From: lars.schneider@autodesk.com
To: git@vger.kernel.org
Cc: gitster@pobox.com, tboegi@web.de, j6t@kdbg.org,
sunshine@sunshineco.com, peff@peff.net,
ramsay@ramsayjones.plus.com, Johannes.Schindelin@gmx.de,
pclouds@gmail.com, avarab@gmail.com,
Lars Schneider <larsxschneider@gmail.com>
Subject: [PATCH v13 00/10] convert: add support for different encodings
Date: Sun, 15 Apr 2018 20:16:00 +0200 [thread overview]
Message-ID: <20180415181610.1612-1-lars.schneider@autodesk.com> (raw)

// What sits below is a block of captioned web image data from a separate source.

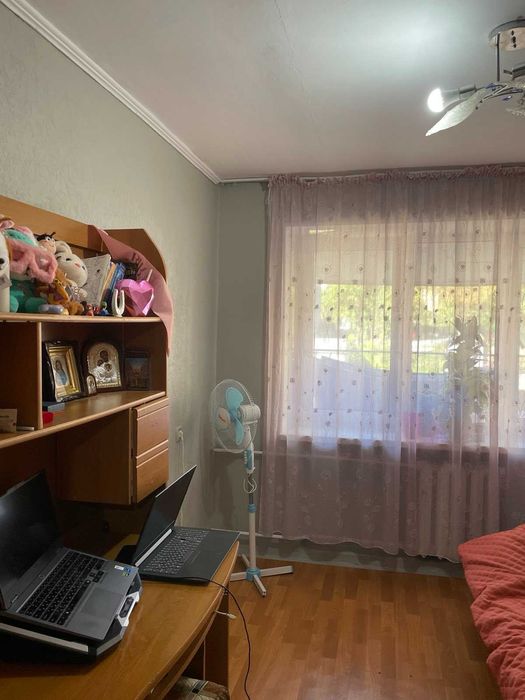 Продам кімнату Власник Шулявська метро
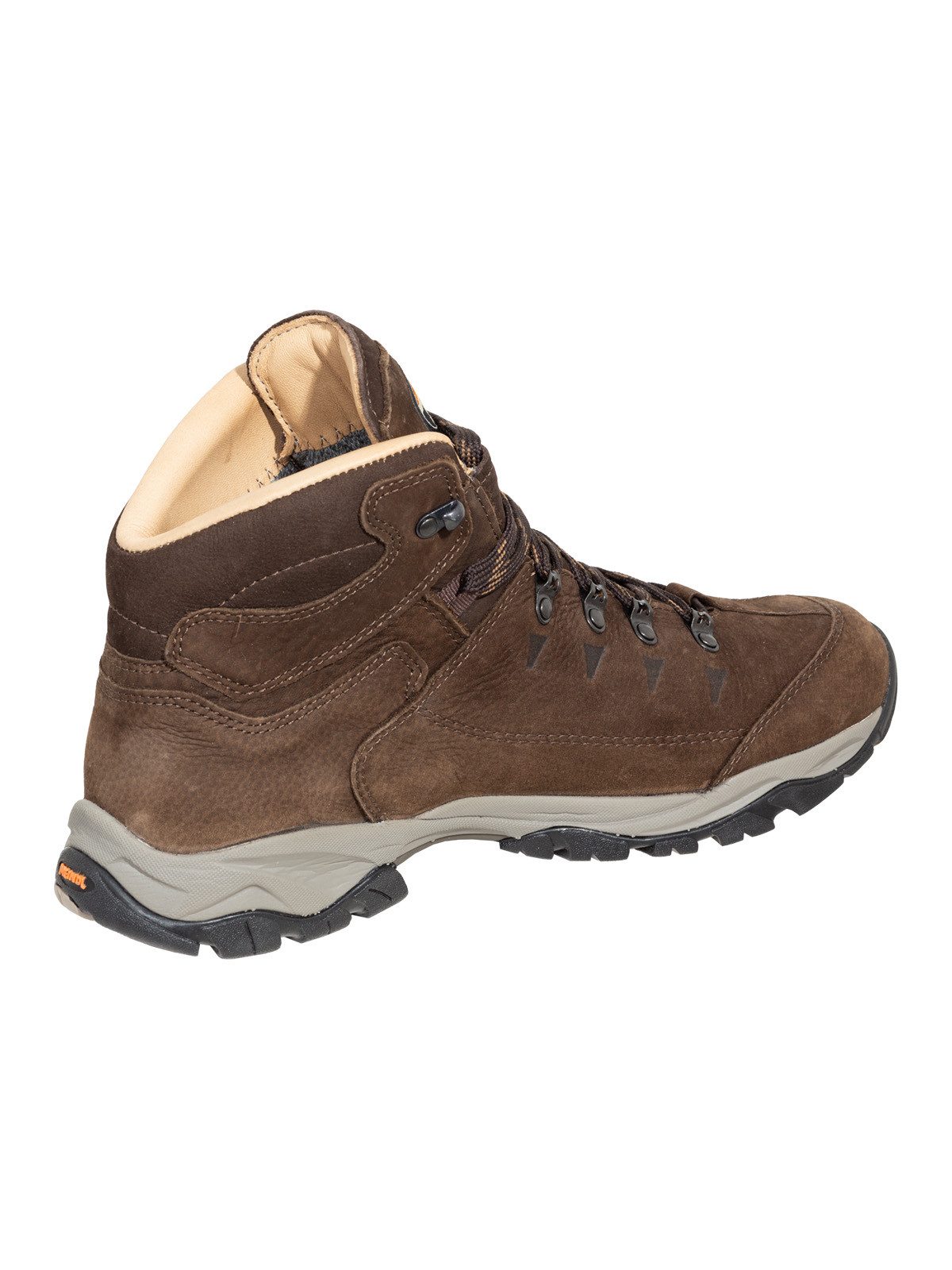 Meindl Meindl Ohio 2 GORE-TEX® Wanderschuh GORE-TEX® – Winddicht, wasserdicht und atmungsaktiv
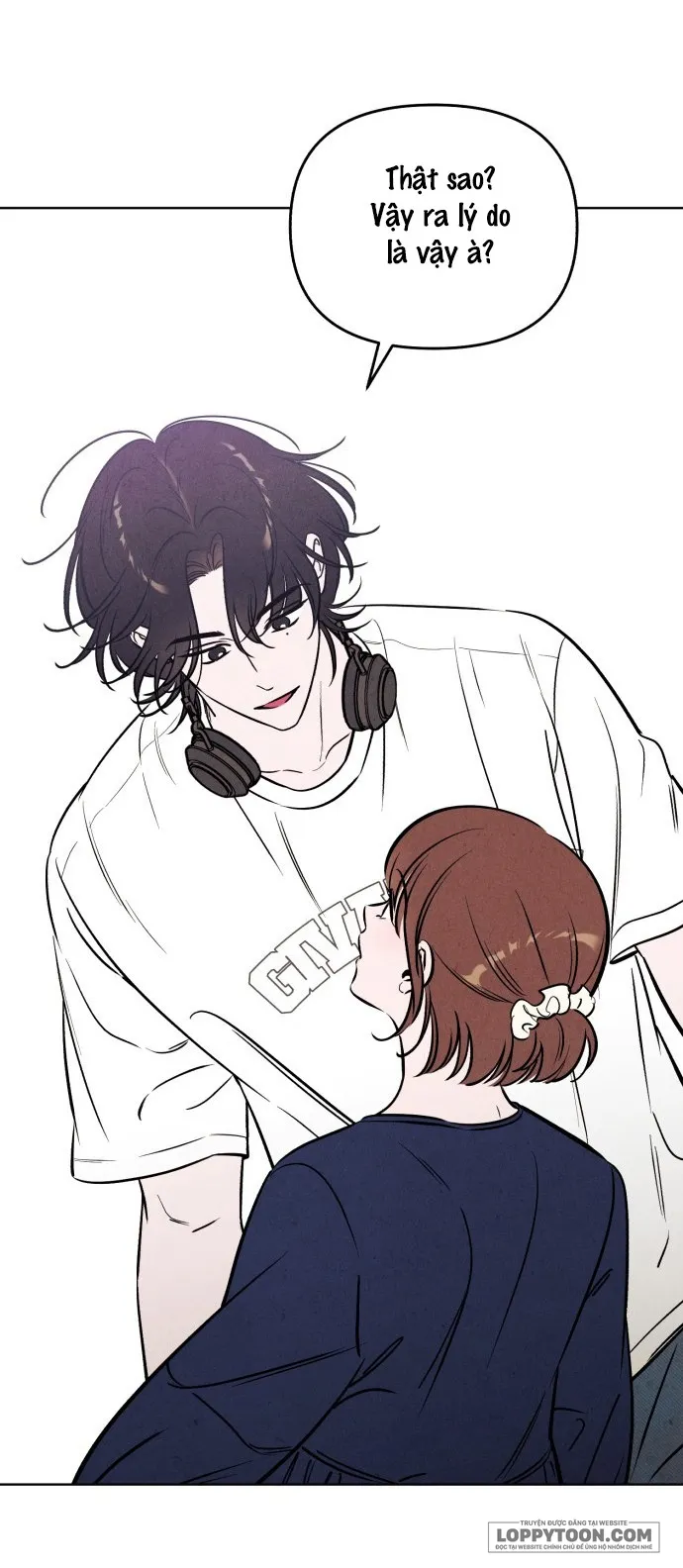 Để Em Cho Cô Mượn Chút Lửa Nhé? - Chap 53 - Trang 31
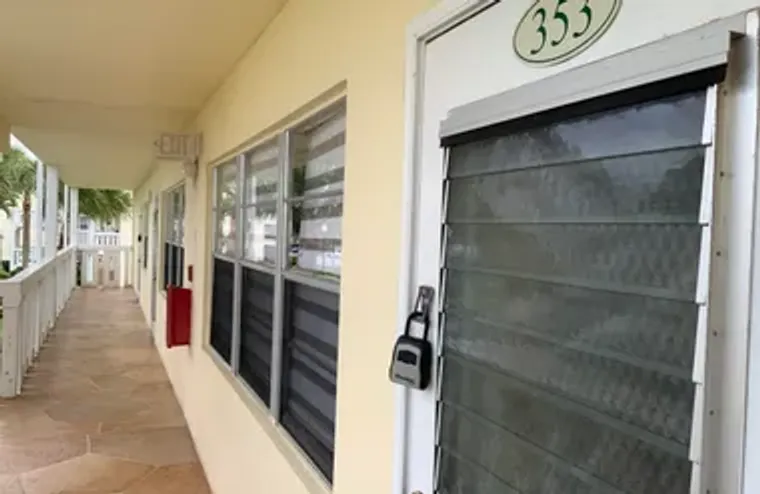 353 DORSET I, BOCA RATON, FL, 33434, Boca Raton, FL 33434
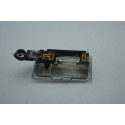 Luz Cortesia Interna Teto Tracker 2020 A 2026 Original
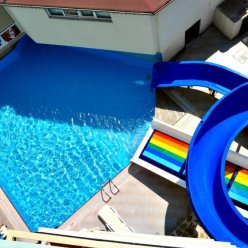 CINAR FAMILY SUITE HOTEL 4★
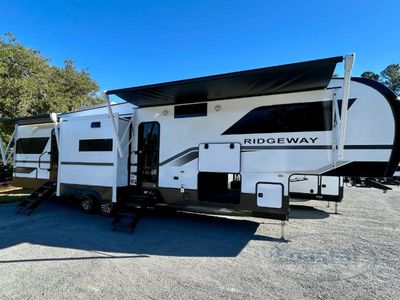 2026 KZ-RV Ridgeway - Photo 1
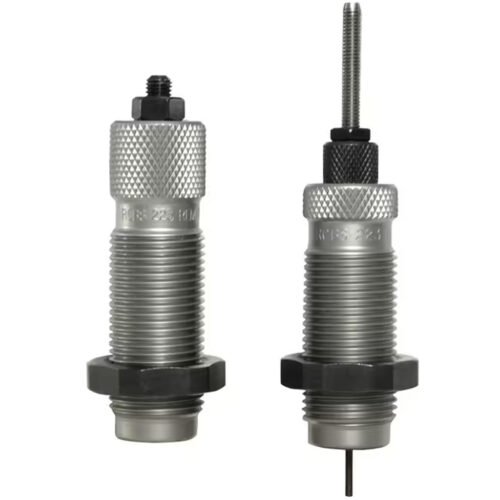 RCBS Full Length Die Set 6.5 PRC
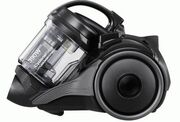 ПылесоссконтейнеромSAMSUNGVC15K4176HG/UK,grey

From: Lars Schneider <larsxschneider@gmail.com>
Hi,
Patches 1-6,9 are preparation and helper functions.
Patch 7,8,10 are the actual change.
This series is based on v2.16.0 and Torsten's 8462ff43e4 (convert_to_git():
safe_crlf/checksafe becomes int conv_flags, 2018-01-13).
The series can be rebased without conflicts on top of v2.17.0:
https://github.com/larsxschneider/git/tree/encoding-2.17
Changes since v12:
* commit message improvement (Torsten)
* prevent undefined memcpy behavior in has_bom_prefix (Avar)
* improve error message: true/false are no valid working-tree-encodings (Torsten)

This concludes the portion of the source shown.